- _Source data_:

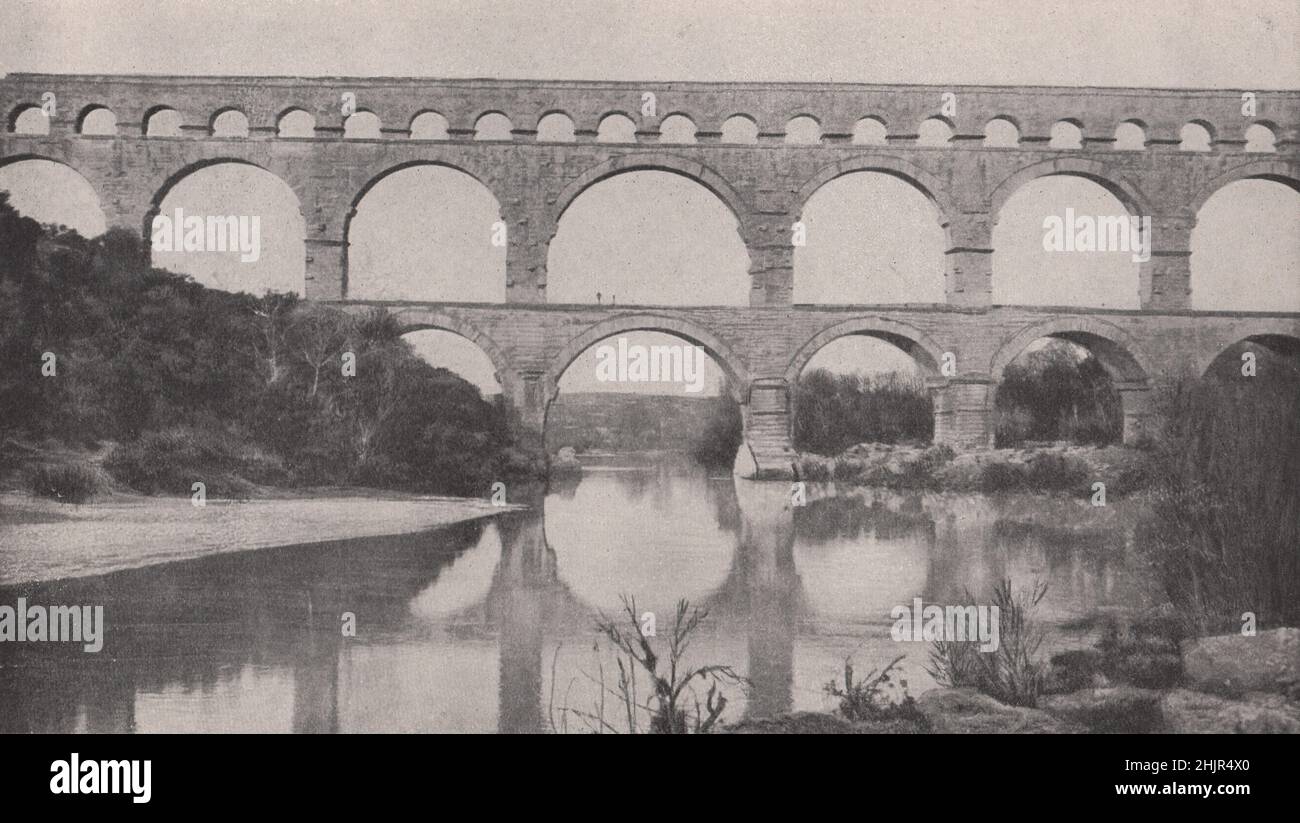 Pont du Gard. Magnifique structure romaine de trois pneus et cinquante-deux arches enjambant une rivière du sud de la France (1923) Banque D'Images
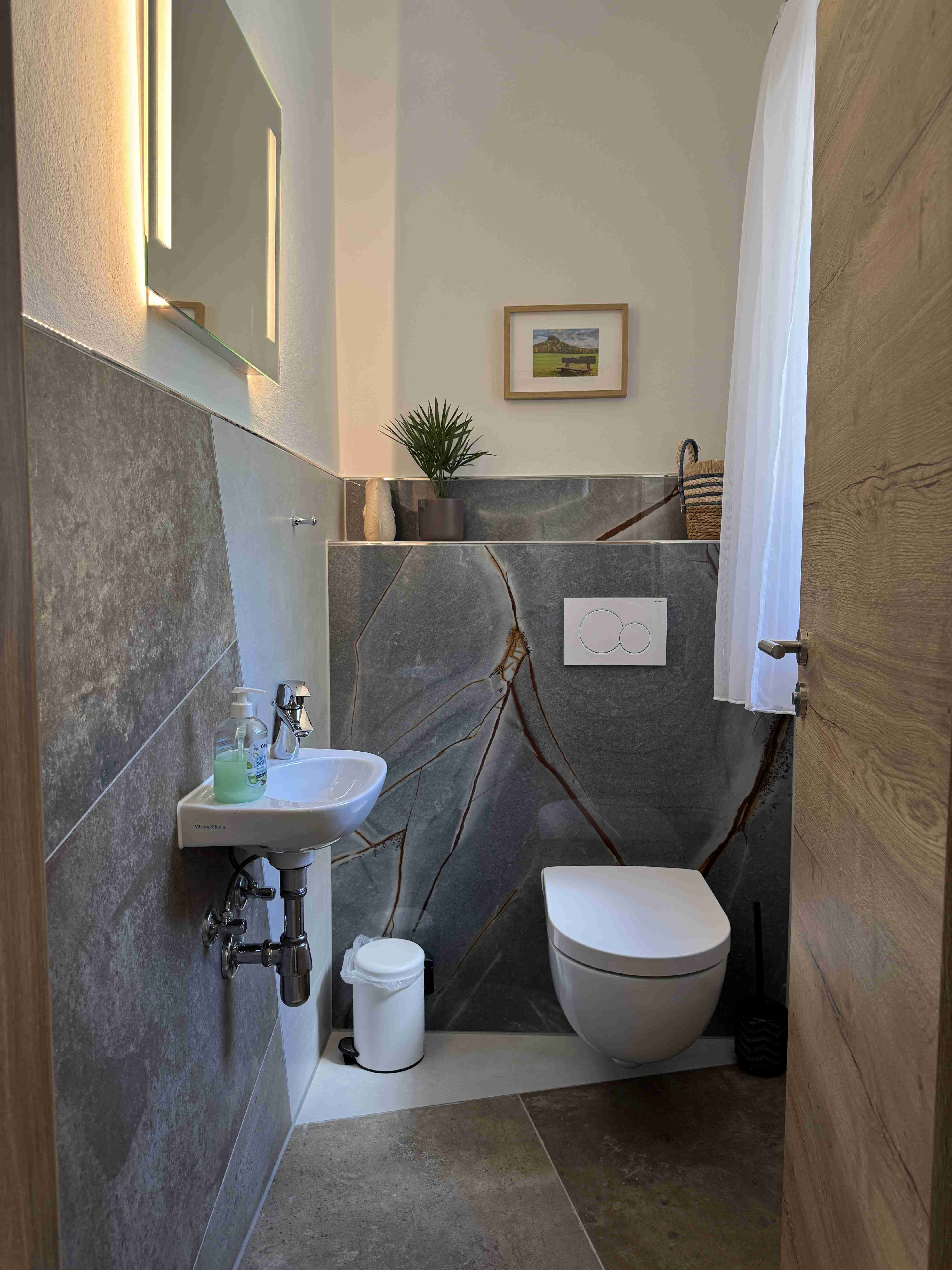 images/ferienhaus_lilienstein/hohe_liebe/wc.JPG#joomlaImage://local-images/ferienhaus_lilienstein/hohe_liebe/wc.JPG?width=4284&height=5712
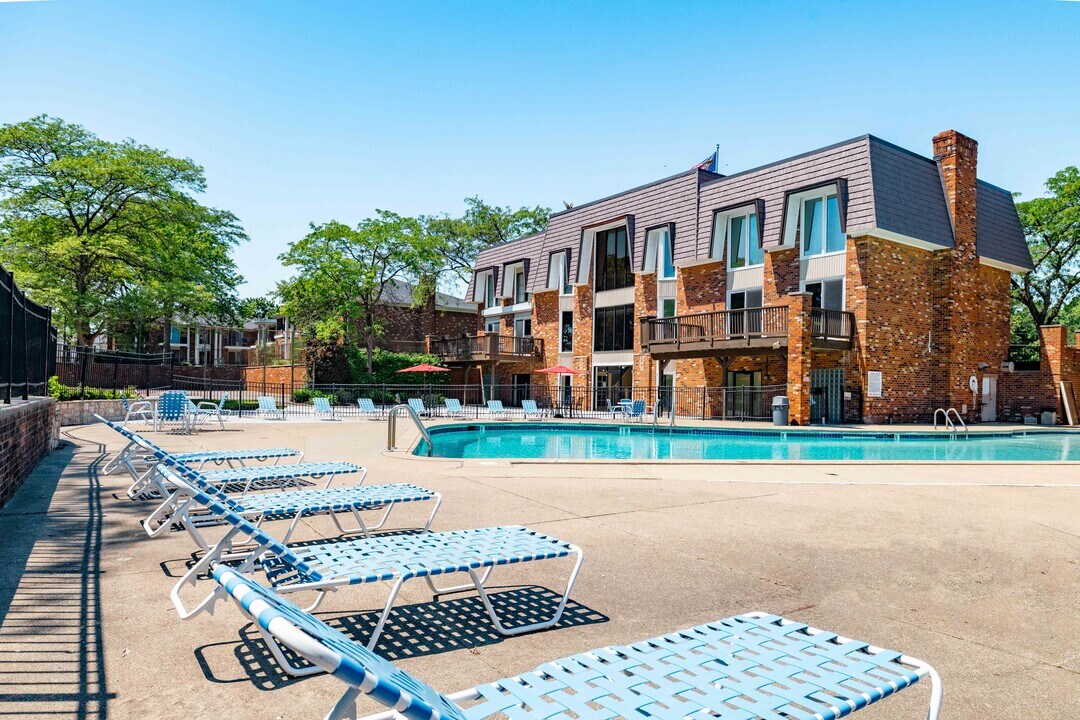 Knollwood Village Apartments in Grand Blanc, MI - Building Photo
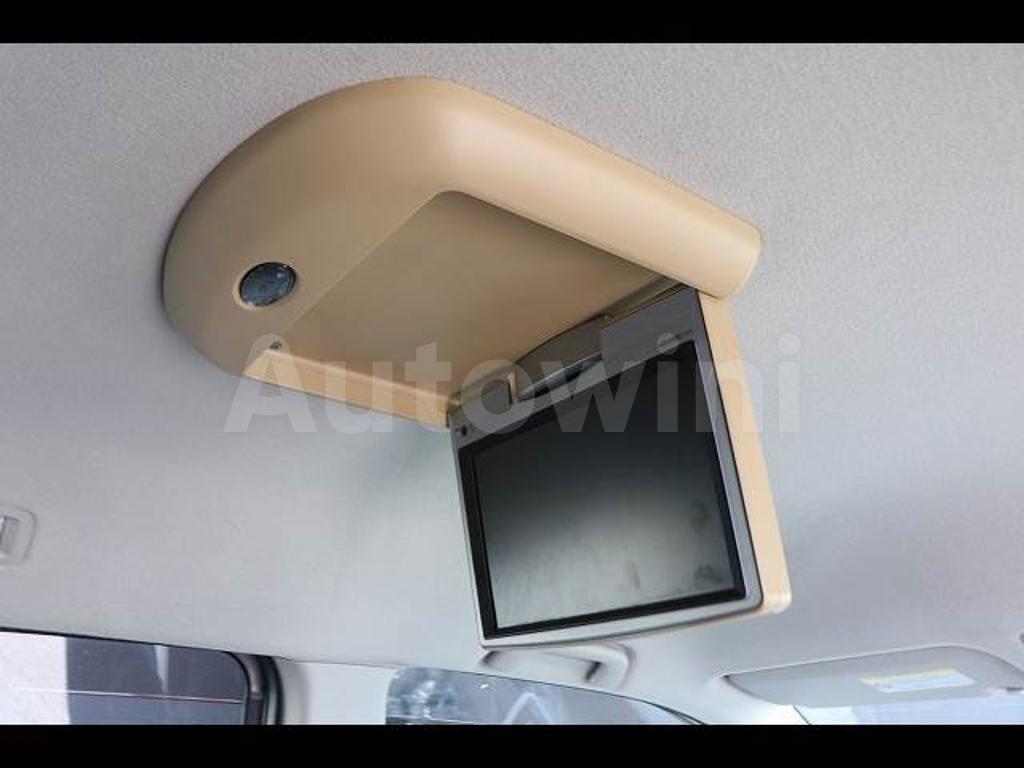 ZRR70-0463413 2011 TOYOTA VOXY-1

- _What needs to be done_: Go from the first line of the data above to the line containing "Knollwood Village Apartments" and retype exactly those lines, both included, but none of the pictures.

- _Exercise result_:
 Pont du Gard. Magnifique structure romaine de trois pneus et cinquante-deux arches enjambant une rivière du sud de la France (1923) Banque D'Images
 images/ferienhaus_lilienstein/hohe_liebe/wc.JPG#joomlaImage://local-images/ferienhaus_lilienstein/hohe_liebe/wc.JPG?width=4284&height=5712
 Knollwood Village Apartments in Grand Blanc, MI - Building Photo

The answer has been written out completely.